One fact neglected in all the mass-market guides is that the roads around here are used to train fledgling stock car racers. I’m still pretty quick on my feet for an older fellow, but I feel like a raw recruit in the pedestrian army walking around Lihu’e.
And guide books that extolled the great Kaua’i biking experience must have meant roads outside Lihu’e. Where I’m living, the only bicyclist guaranteed a modicum of safety is the Invisible Man.
But there already seem to be more pluses than minuses.
For starters, even the 7-Eleven coffee is good-very good. And I can tell you this unsolicited testimonial wouldn’t have happened in the Seattle area, where the convenience store coffee tasted like bottled water dyed brown.
Even more amazing, to a lifetime (except for four years in a Rocky Mountains ski town) urban rat, people return lost purses here with the money still inside. Not every time, but in my less than two weeks here, it’s already happened twice: To a friend’s little kid, and according to the police blotter, to a tourist lady at a resort.
The beaches here have been written about ad nauseum, but I have to tell you, I’ve been to Florida, I’ve been to California, Atlantic City, Long island, British Columbia and the Oregon coast, and I’ve never seen anything as beautiful as the seemingly endless beaches on Kaua’i.
Within minutes you can find a white sand beach that isn’t teeming with tourists fighting over sun repellent.
Last weekend, I stood in surf to my knees while two tiny little rain clouds, lonely in a seemingly endless sea of blue sky, dropped rain on my head. It was one of the most amazing experiences of my life that didn’t involve another human being or grapes grown in France.

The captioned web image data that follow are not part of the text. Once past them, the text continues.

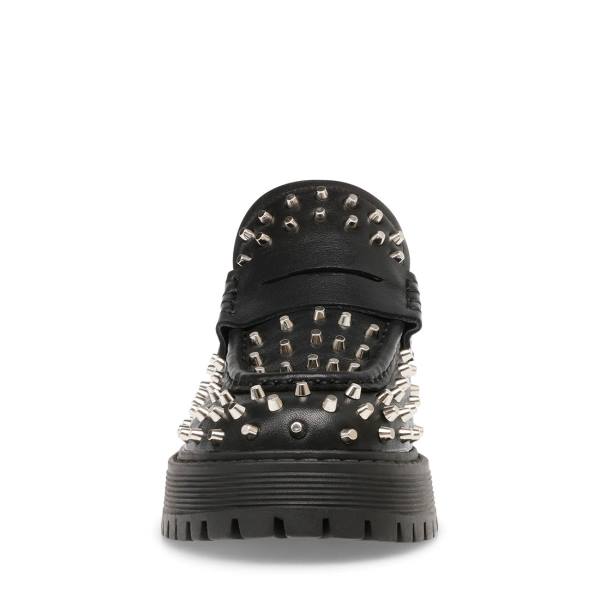 Loafersy Damskie Steve Madden Malvern Studs Czarne | SM-930HW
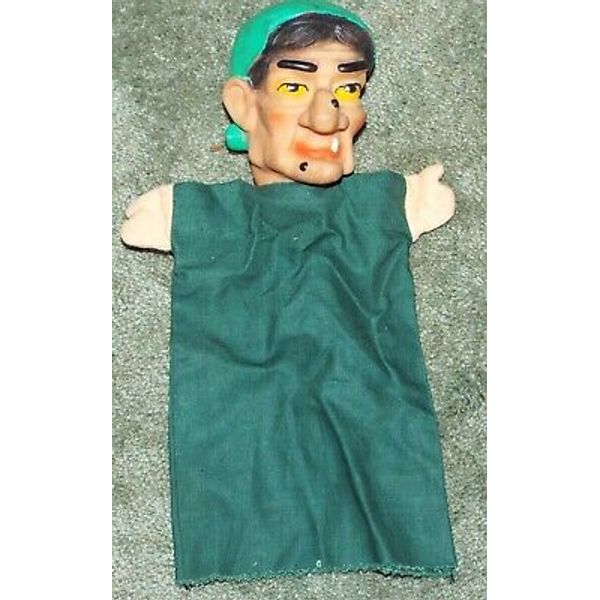 VINTAGE Rubber-Plastic, Witch with Wart Hand Puppet  10"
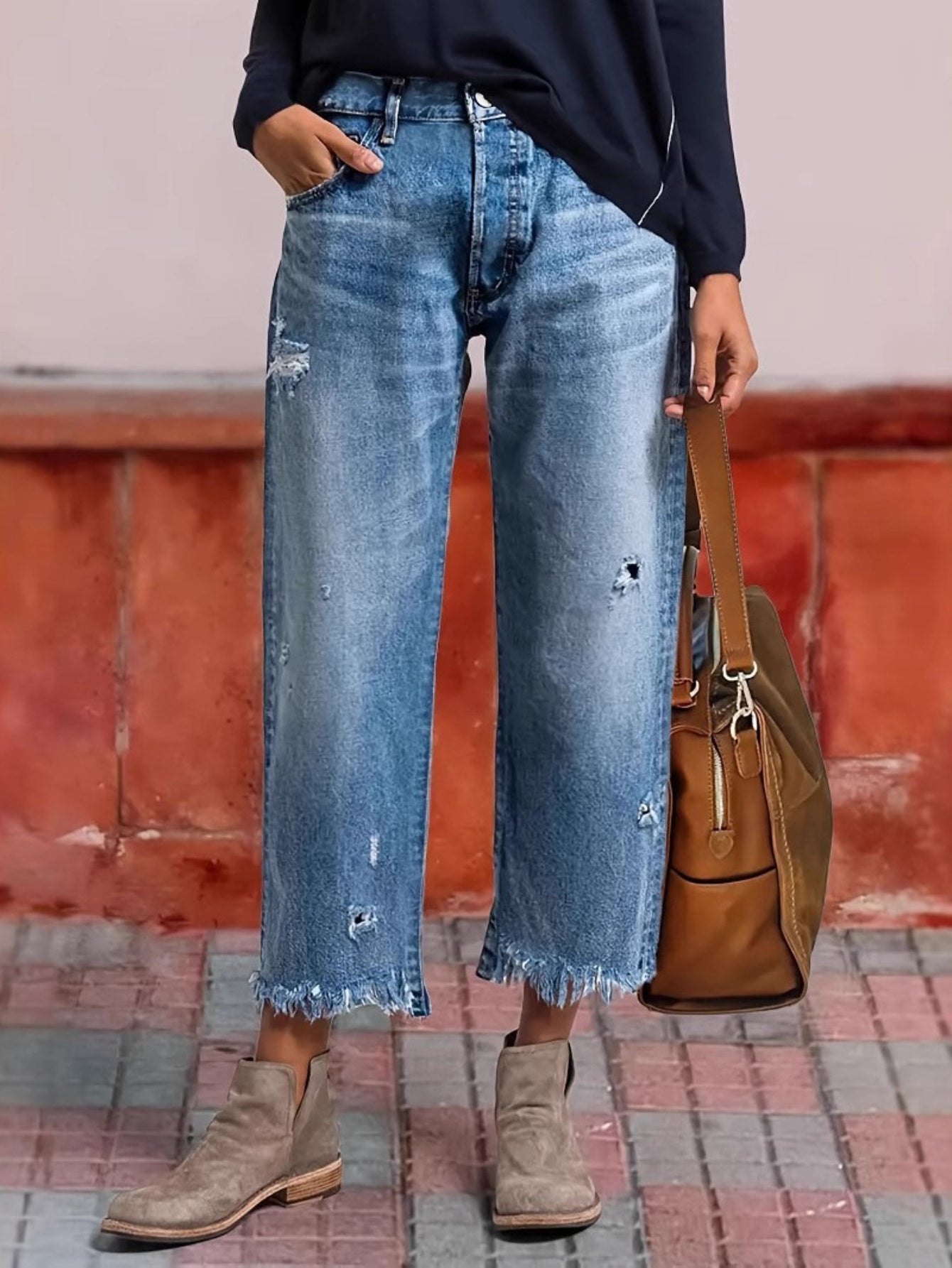 Women's High-Waist Jeans - Blue Button Detail detail view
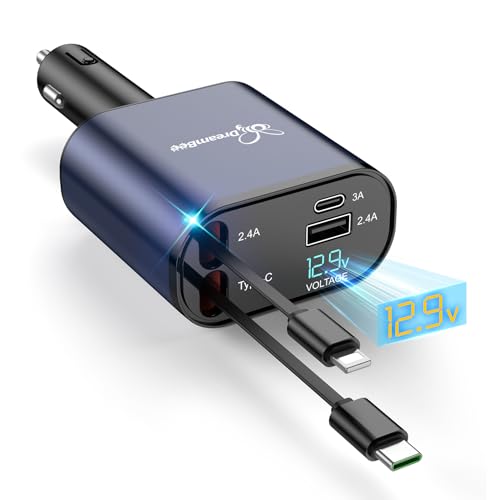 DreamBee Retractable Car Charger,66W 4 in 1 Super Fast Charge Car Phone Charger,Gifts for Men Women Car Truck Accessories for iPhone 17/16/15/14/13/12 Pro Max XR,iPad,Samsung,Pixel-Blue - color: Blue, size: TypeC+Lightning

And the weather, except for between the hours of 11 a.m. and 3:30 p.m. (so far, too hot for this Seattle boy), has been gorgeous.
Lots of people back in the Pacific Northwest told me I wouldn’t like the heat. But this isn’t muggy Ohio where I’m from. There’s a breeze blowing almost all the time. Just keep drinking bottled water as you go and you’ll feel pretty darn good.
I like the sound of different birds in the morning, too. I lived on the water for the past three and a half years, hard by a bay that emptied into Puget Sound. From my deck, I could watch a pair of eagles hunt, but every morning I was awakened by the raucous crying of gulls and crows fighting over scraps.
Here, I’ve been awakened by some birds that sound like woodpeckers taking voice lessons. I feel like Robinson Crusoe would have felt if he had a clock radio for company instead of Friday.
All in all, after slightly less than two weeks, I would recommend this place to anyone who asked. I think I might like it here.